The Changing Workforce
The growth in inequality in the United States over the past few decades has many sources. A significant one is the changes in the labor market. First, movement from a manufacturing economy to a service economy eliminated many decent paying jobs that didn’t require much education. Unions systematically lost ground in part because of this trend and because of government efforts to curb their influence. Now more and more workers (even in manufacturing) are temps:
During the 1990s, employers were developing an insatiable appetite for short-term labor to cut costs and respond to fluctuating demand. In the early 1980s, employment in the “temporary help services” industry—which covers both temp workers and employees of the firms that supply them—stood in the several hundreds of thousands. Now it’s 2.5 million, a seven-fold increase in less than four decades. By 2020, the BLS foresees more than 440,000 new jobs in the sector.
In the meantime, the temp craze has expanded from air-conditioned offices to warehouses and construction sites. In 1990, a year after Labor Ready was founded, clerical workers made up 42 percent of the temp workforce, with blue-collar workers comprising about 25 percent. By 2000, the numbers were flipped, a phenomenon driven by the outsourcing of American manufacturing jobs.
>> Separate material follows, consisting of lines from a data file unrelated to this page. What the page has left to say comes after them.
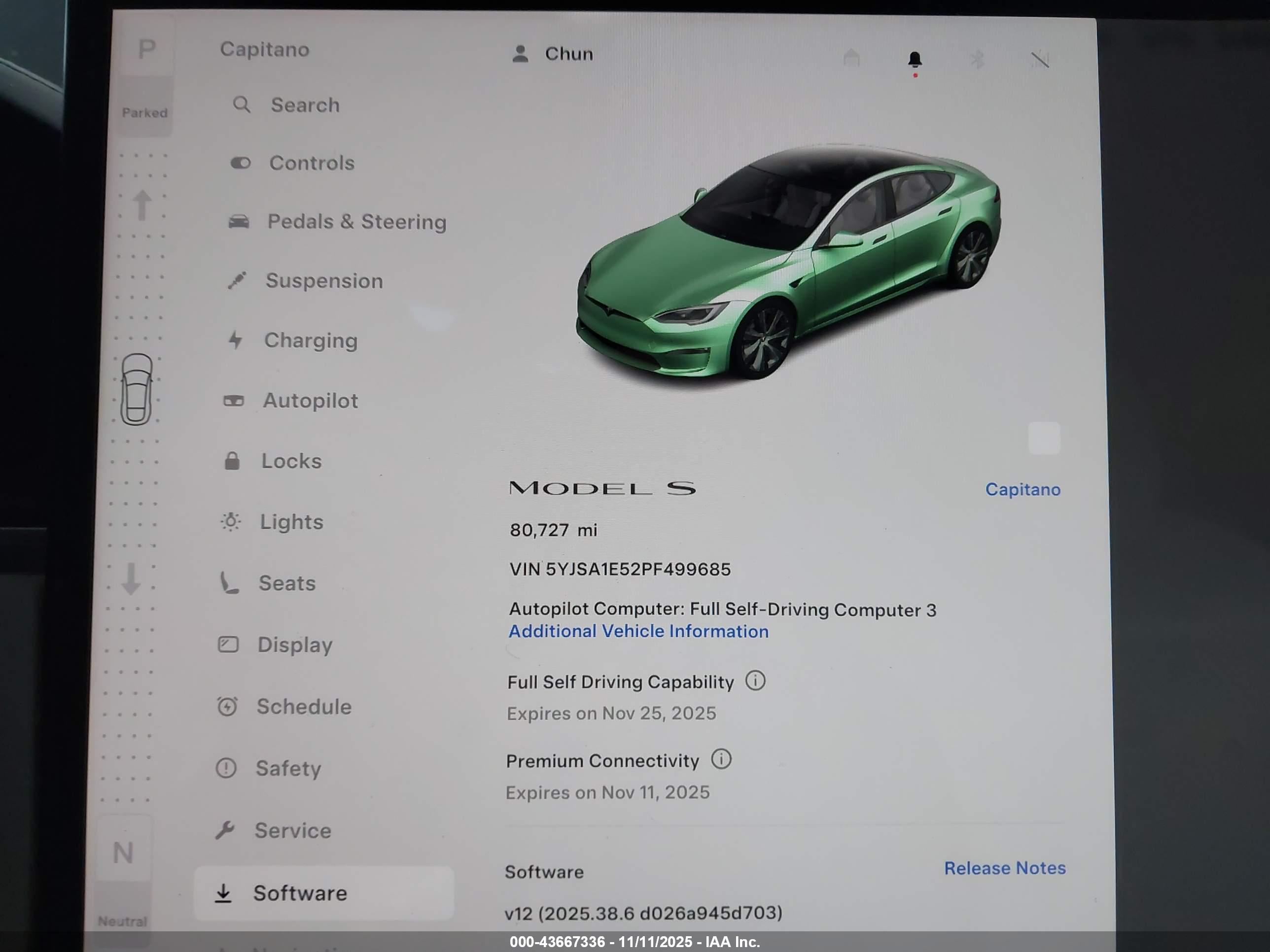 TESLA MODEL image 7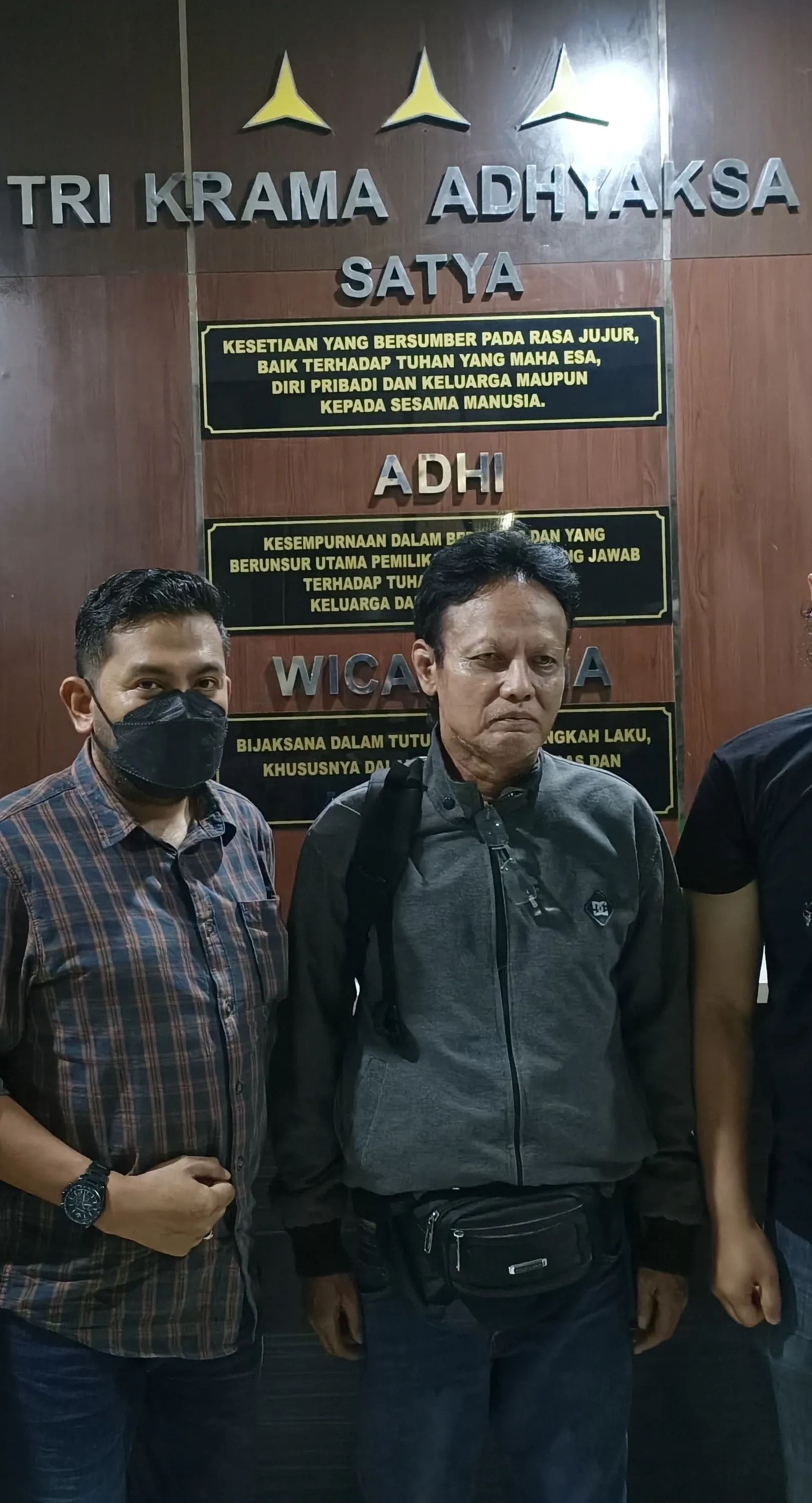 Jaksa Tangkap Buronan Korupsi Lahan Mega Mall Bengkulu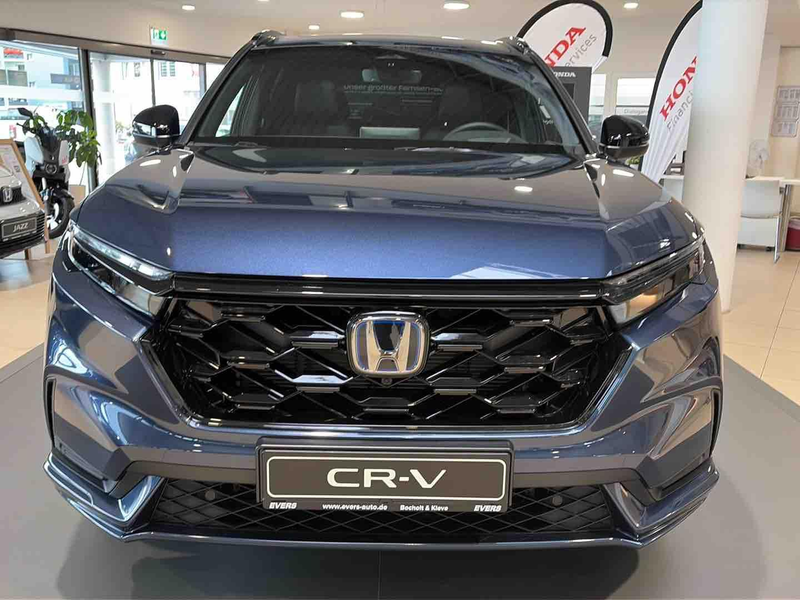 Honda CR-V e:PHEV Advance Tech 2WD Leder BOSE 360° Pano — photo 2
In 1989, according to a forthcoming article in the Industrial and Labor Relations Review, only 1 in 43 manufacturing jobs were temporary. By 2006, 1 in 11 were.
Temporary jobs, are less safe, pay less, and don’t provide health insurance. The workers in those jobs won’t be able to give their kids the chances, that working class parents could a generation ago. This defies easy solutions but unless we come up with some, a permanent underclass will be a reality.